Nonché, ovviamente, sulla percezione dei cittadini dei paesi europei sulla bontà del progetto di allargamento dell’unione e di sempre maggiore integrazione. I cittadini hanno oscillato tra due tipi di adesione, una strumentale e una valoriale, non mutuamente esclusive. Persino l’uscita, l’abbandono del consesso europeo, ha seguito dinamiche democratiche, come mostrato da Brexit che ha messo fine alla tormentata permanenza britannica nell’unione europea, anche dopo le varie vicissitudini degli anni Settanta e Ottanta con Londra spesso su posizioni antitetiche, scettiche e infine critiche e ostili.

L’Unione europea per come la conosciamo oggi è l’epilogo, il capitolo più avanzato di un processo di unione e integrazione sorto sulle ceneri, le macerie fumanti e sanguinanti del conflitto mondiale 1939-1945, ma in realtà anche delle precedenti violenze delle guerre plurisecolari del continente.

La volontà di mettere insieme “carbone e acciaio”, in una gestione congiunta anziché competitiva e potenzialmente conflittuale, fu l’alba di un cambio di paradigma. Governare in forma cooperativa l’allocazione e il reperimento dei minerali connessi alla produzione energetica e militare per eccellenza, significò simbolicamente, ma anche sostanzialmente abbandonare la logica del sospetto, del confine, della strategia per dominare l’avversario.

Niente di nuovo su fronte occidentale, rimaneva un ricordo, seppure vivo e con cicatrici fresche, ma principalmente un monito da superare per non perire, per non scomparire non solo quale civiltà, ma anche in quanto singoli stati, destinati a rimanere schiacciati tra la tenaglia del conflitto Est-Ovest.
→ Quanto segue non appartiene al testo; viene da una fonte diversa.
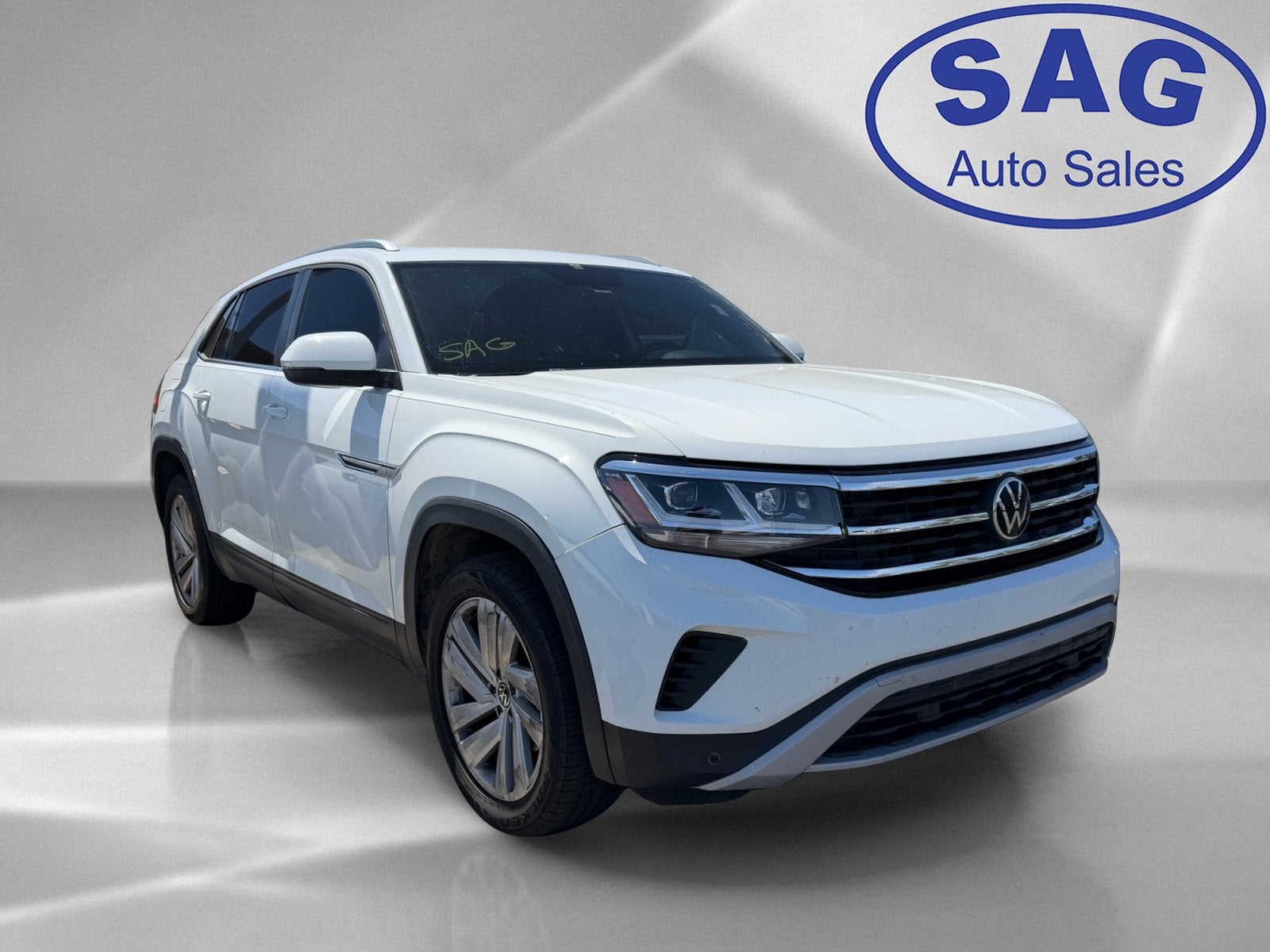 2020 Volkswagen Atlas Cross Sport 3.6L V6 SE w/Technology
L’Alsazia e la Lorena, alfa e omega, simbolo e materia di guerre guerreggiate, non più oggetto di negoziati, paragrafi di trattati, non più punti sulle mappe geo-militari quali nessi strategici per approvvigionamenti essenziali, non terra di frontiera tra due giganti continentali, ma regioni d’Europa. Francia e Germania rappresentarono granai di morti, per le lunghe e sanguinose guerre “civili” d’Europa che le videro fronteggiarsi: da quella franco -prussiana del 1870-1871, alla I e II Guerra Mondiale, proprio sullo stesso, sanguinoso e martoriato confine in territori ricchi di materie prime minerarie.

Al labirinto di trincee scavate nelle rocce sopravviveva un dedalo di lingue, capitali, fiumi, tradizioni, viste però quale ricchezza e non nazionalismo fanatico da imporre ad altri.

Il sogno

Le varie lingue parlate per un frangente sembrarono essere un ostacolo all’unificazione, all’integrazione, e con piglio troppo napoleonico e realista si pensò di omogeneizzarle, tentando un esperimento, invero solo in laboratorio e teorico, di adottare una lingua comune.

Una neolingua dal nome evocativo, ma che mai fu applicata. L’Esperanto – colui che spera – un nome soave, che intendeva far dialogare popoli divisi da molto, e che in assenza di un idioma comune rischiavano di approfondire le distanze.

Da un lato l’avvicinamento all’Esperanto richiamava un approccio burocratico, un tratto pianificatore e uniformatore, dall’altro uno slancio federalista e da costruttori di nazione e padri/madri della nuova casa comune.

Attualmente l’Unione europea adotta ventiquattro lingue ufficiali, per “ragioni di trasparenza”, sebbene taluni temano il passaggio automatico all’inglese o al massimo al trilinguismo (tedesco, francese, inglese), e il sogno di Ludwik Lejzer Zamenhof, oculista polacco che sul finire dell’Ottocento sviluppò la lingua per far parlare popoli di ceppi diversi, rimane un tema a latere.

Oggi quel progetto, quel disegno utopico e fantastico è indietro nell’agenda, permeato da tematiche prosaiche, ma i giovani – ancora non abbastanza numerosi – possono viaggiare per il loro paese – l’Europa – e conoscere un’altra lingua, loro coetanei, per sfumare i pregiudizi, diluire la xenofobia, annichilire il nazionalismo di ogni risma. L’Erasmus, programma di mobilità studentesca internazionale, richiama il teologo Erasmo da Rotterdam, grande viaggiatore. Come il sogno europeo.